• WHAT YOU WILL DO: Begin your copy at the line with "Pita . . . Long" in the records below and end it at the line with "Caribbean Flamingo (Phoenicopterus", restating each line word for word; omit the pictures.

• MATERIAL TO PROCESS:
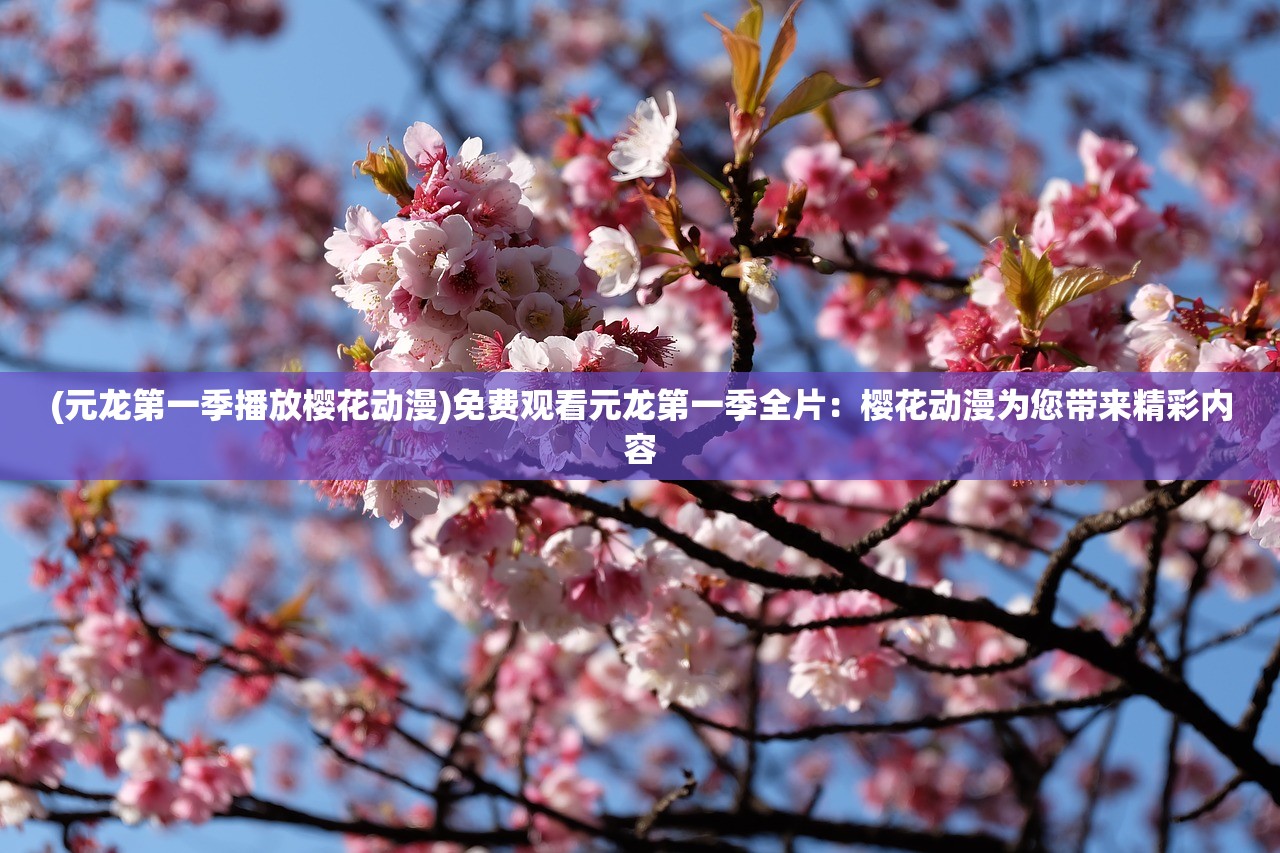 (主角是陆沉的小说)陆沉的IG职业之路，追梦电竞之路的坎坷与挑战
---
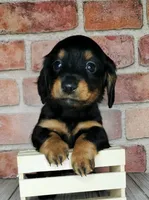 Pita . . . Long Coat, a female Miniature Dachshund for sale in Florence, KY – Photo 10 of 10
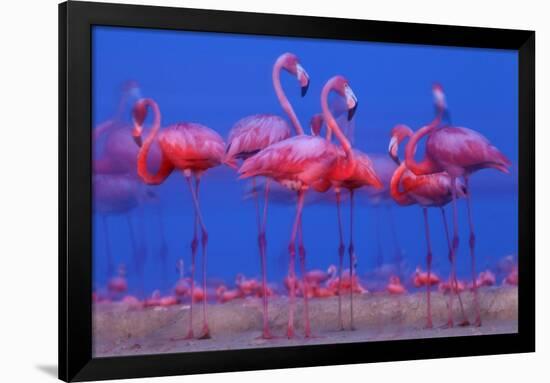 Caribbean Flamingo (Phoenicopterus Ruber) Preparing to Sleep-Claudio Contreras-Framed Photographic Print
---
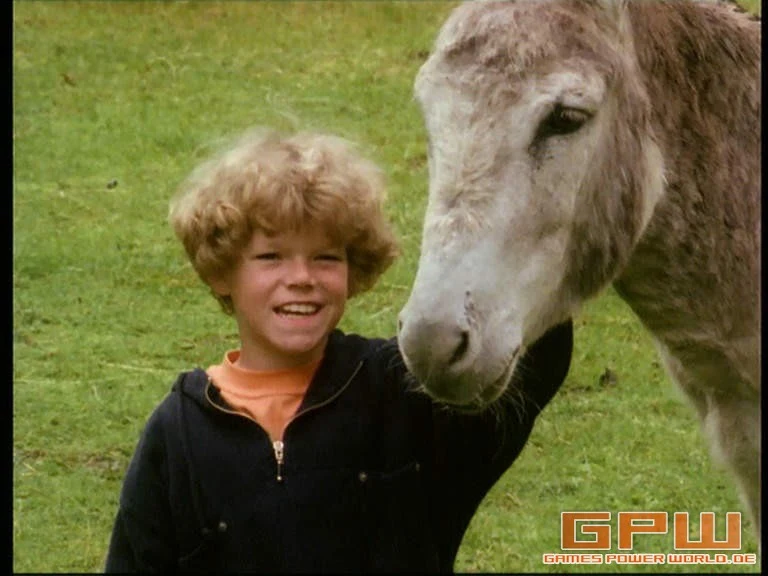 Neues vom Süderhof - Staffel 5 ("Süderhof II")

• RESULT FOR THIS EXERCISE:
 Pita . . . Long Coat, a female Miniature Dachshund for sale in Florence, KY – Photo 10 of 10
 Caribbean Flamingo (Phoenicopterus Ruber) Preparing to Sleep-Claudio Contreras-Framed Photographic Print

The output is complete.